Jordaens n’est pas Rubens et il est loin d’être un manchot. Seul souci : on ne peut s’empêcher devant chacun de ses tableaux de projeter le souvenir des toiles de Rubens en surimpression. Il y a chez ce dernier, au-delà de l’inventivité d’un style, un génie de la virtuosité incomparable. Une maestria impériale dans le savoir-faire, une intelligence de la composition, une élégance étourdissante. C’est le « grand créateur ».

Alors Jordaens ? C’est le peintre de l’empathie. Tout être humain est traité chez lui avec la même attention, la même bonté, la même curiosité. Une tonalité de tendresse et d’intérêt véritable pour tous ses semblables infuse chaque toile. Un égal traitement combiné au plaisir de vivre et de contempler le spectacle de la vie et sa mise en scène, baignés dans une lumière fraternelle, juste, douce. C’est un réalisme heureux, très humain, mais sans afféteries.  Et c’est un tour de force.

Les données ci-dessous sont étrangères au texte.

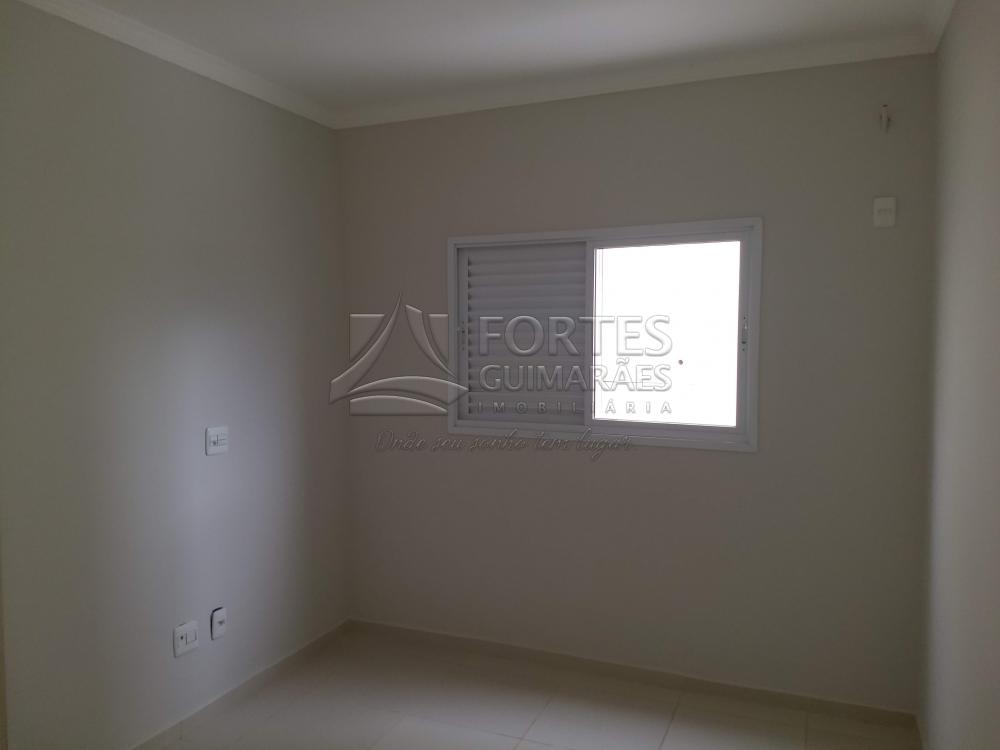 Alugar Apartamentos / Padrão em Ribeirão Preto apenas R$ 1.100,00 - Foto 7 Alugar Apartamentos / Padrão em Ribeirão Preto apenas R$ 1.100,00 - Foto 7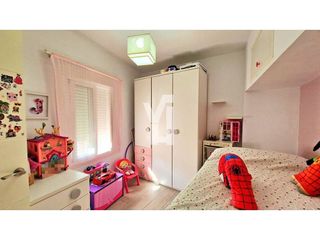 Casa en venta en Olletas - Sierra Blanquilla en Málaga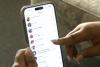 Louisiana Child's Photos Allegedly Used In Elaborate Online Hoax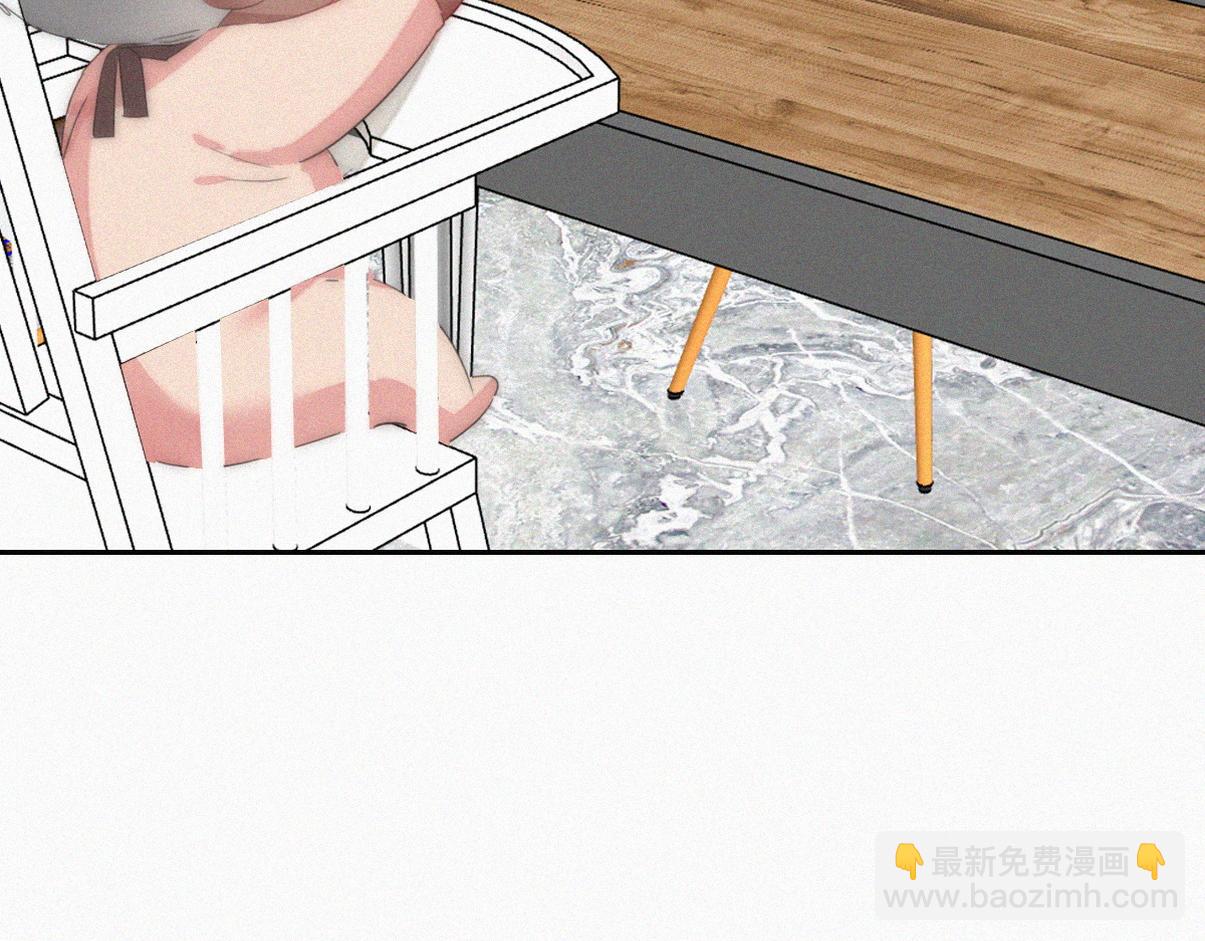 窝窝小剧场：父子之间的爱恨情仇(1/2)-第371话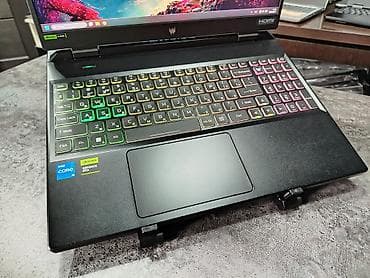 Оюн үчүн, Жаңы, Intel Core i5 — 6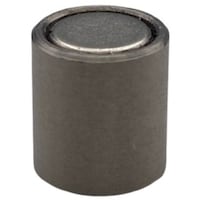 ���N�e���@�}�O�l�b�g�t�ی^�z���_�@�߂˂��@���W�@�l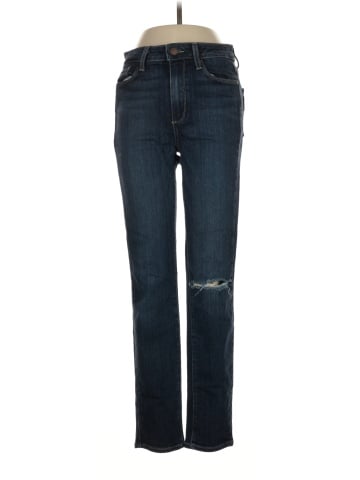 Paige Jeans (view 1)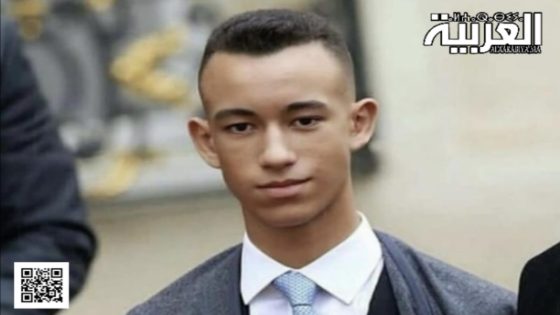 افتتاح دورة سيام الـ16: الزراعة المستدامة والمناخية في صدارة الأجندة الزراعية بالمغرب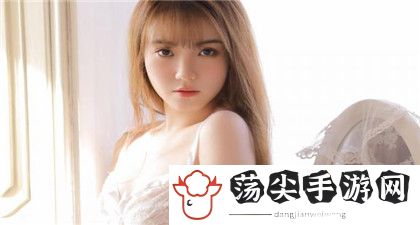 **亚洲精品一区二区三区:揭秘这个神秘的网络世界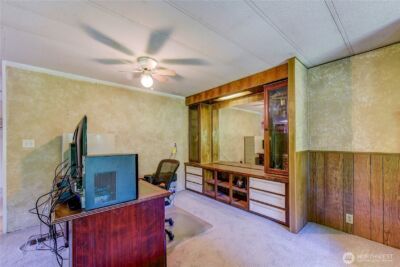 13203 281st Avenue SE, Buckley, WA 98321 - Photo 6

Il me vient une autre comparaison. Avec Renoir. La splendeur féminine, l’acidité chaude des couleurs de la fille supposée de l’artiste, représentée avec un vieillard, annoncent les ultimes portraits du maître français. Ils ont en commun la joie de vivre et de peindre. Mais Renoir a eu le tort d’exister jusqu’à l’aube du 20ème siècle; ce siècle des grands massacres et des grandes désillusions. Et notre époque ne peut pas lui pardonner son bonheur.

Aujourd’hui, pour être considéré, il faut peindre triste.